Le gouvernement algérien, par la voie du ministère des affaires étrangères, a, dans une réaction exprimée ce samedi, expliqué en quoi la démarche de Retailleau est contestable, invitant le premier flic de France à réviser les notions de droit les plus élémentaires.
Si le gouvernement algérien a précisé d’emblée que l’Algérie n’est aucunement engagée dans une logique d’escalade, il n’a pas manqué d’asséner des vérités massues à l’extrême droite française qu’il a pris soin de distinguer du gouvernement français.
« L’extrême droite revancharde et haineuse, ainsi que ses hérauts patentés au sein du gouvernement français mènent actuellement une campagne de désinformation, voire de mystification, contre l’Algérie. Ce faisant, ils croient y avoir trouvé un exutoire à leurs rancœurs et à leurs frustrations », a dénoncé le MAE.
Le gouvernement algérien reproche à l’extrême droite française de travailler à saborder les relations algéro-françaises qui se sont grandement altérées, depuis juillet 2024, après que la France ait publiquement exprimé son soutien au plan marocain d’autonomie pour le Sahara Occidental.
« Contrairement à ce que prétendent l’extrême droite française, ses porte-voix et ses relais, l’Algérie n’est, d’aucune façon, engagée dans une logique d’escalade, de surenchère ou d’humiliation. C’est bel et bien l’extrême droite et ses représentants qui veulent imposer à la relation algéro-française leurs vues faites de velléités d’intimidation, de menaces et d’un bras de fer dont ils parlent sans retenue et sans nuances ».
Pour le gouvernement algérien, « l’expulsion arbitraire et abusive d’un ressortissant algérien de France vers l’Algérie a fourni à cette partie nostalgique de la France l’occasion de donner libre cours à ses règlements de compte historiques avec l’Algérie souveraine et indépendante », ajoutant que « cette occasion a été mal-choisie.
En effet, le ressortissant objet de l’expulsion vit en France ce depuis 36 ans. Il y dispose d’un permis de séjour depuis 15 ans. Il est père de deux enfants nés de son union avec une ressortissante française. Enfin, il est socialement intégré dan la mesure où il exerce un emploi stable depuis 15 ans ».
Si le gouvernement algérien a pris le soin de souligner toutes ces données, c’est pour conclure que l’expulsion objet de polémiques est « précipitée et contestable », tant est que cette dernière l’a empêché de faire ses droits devant les juridictions françaises et européennes.
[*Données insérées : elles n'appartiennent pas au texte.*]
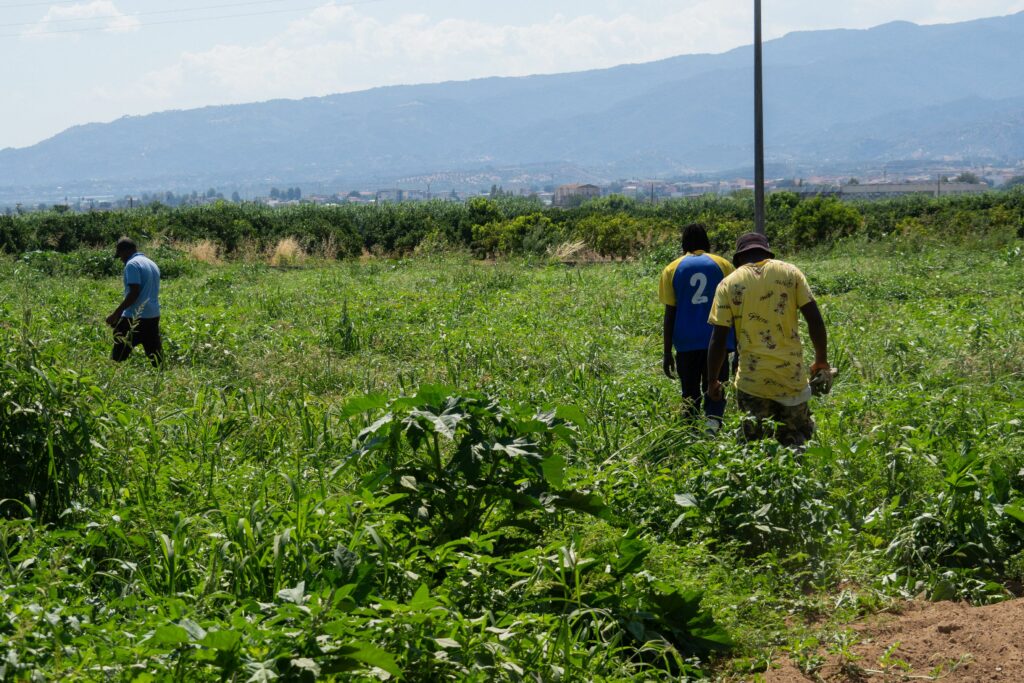 Fermier italian condamnat la 16 ani de închisoare după ce a lăsat un muncitor indian să moară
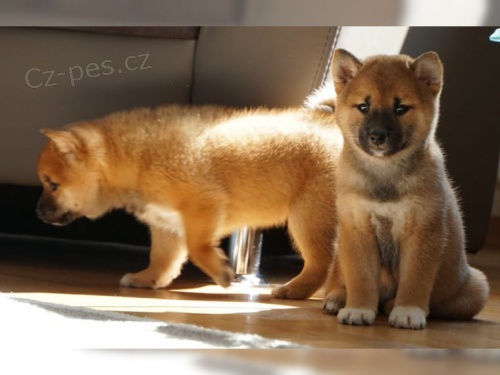 �t��ata Shiba Inu pro nov� domovy k adopci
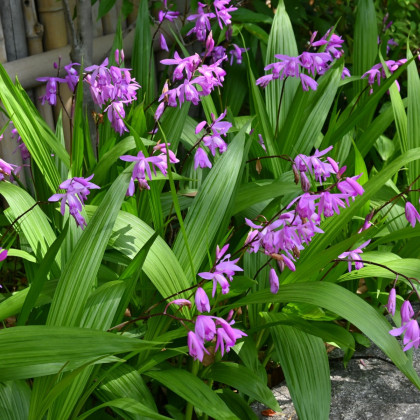 Orchidej vzpřímená růžová - Bletilla striata pink - prodej cibulovin - 1 ks
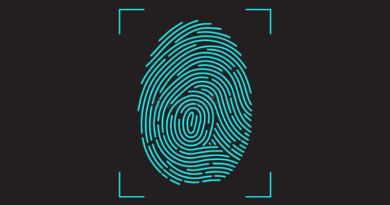 Identidade Digital Nacional (IDN) - Nova forma de identificação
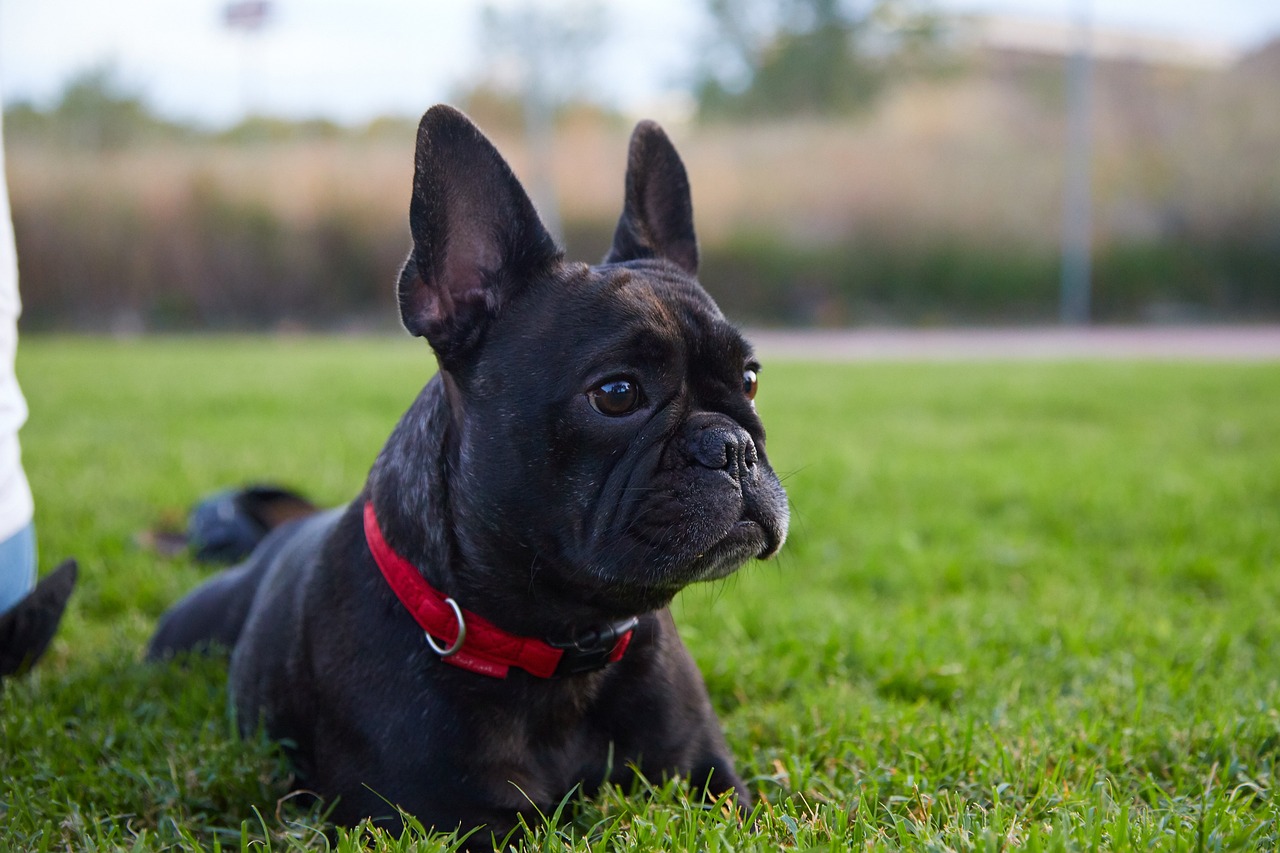 Average French Bulldog Weight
« En conséquence, ce ressortissant n’a pu bénéficier d’un procès judiciaire en bonne et due forme, qui constitue un rempart contre l’abus de pouvoir, dans la mesure où son ordre d’expulsion, s’il avait été mené à son terme, l’aurait privé de défendre ses droits lors du procès prévu le 24 février de l’année en cours », fait encore remarquer le MAE.
Précipitant son ordre d’expulsion, le ministre de l’intérieur français n’a pas respecté la convention consulaire algéro-française du 24 mai 1974, laquelle oblige la partie française à informer la partie algérienne sur l’arrestation, la garde à vue et la détention du ressortissant objet de l’expulsion. Le gouvernement algérien accuse également la partie française de ne pas avoir donné suite à la demande algérienne « d’exercer sa protection consulaire au profit du ressortissant concerné à travers le droit de visite ».
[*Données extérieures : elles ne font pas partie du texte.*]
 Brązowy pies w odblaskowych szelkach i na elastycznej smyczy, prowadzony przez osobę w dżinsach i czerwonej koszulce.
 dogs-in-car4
« Au vu de tous ces dépassements et de toutes ces violations des droits acquis par le ressortissant algérien sur le territoire français, la décision algérienne dans cette affaire est animée par le souci de lui permettre de répondre aux accusations qui sont portées contre lui, de faire valoir ses droits dans le cadre d’un processus judiciaire juste et équitable sur le territoire français », a précisé encore le MAE.
Jeudi 9 janvier, la France a tenté d’expulser vers l’Algérie un influenceur qui publie sur les réseaux sociaux sous le patronyme de « Boualemn ». Ce dernier avait été interpellé dimanche à Montpellier pour des publications dur TikToK dans lesquelles il appelle à la violence contre des militants politiques algériens.
Boualem sera renvoyé en France le jour même, soit dans la soirée du jeudi. Le vendredi, Bruno Retailleau a déclaré que « on a atteint avec l’Algérie un seuil extrêmement inquiétant », ajoutant que « la France ne peut pas supporter cette situation ».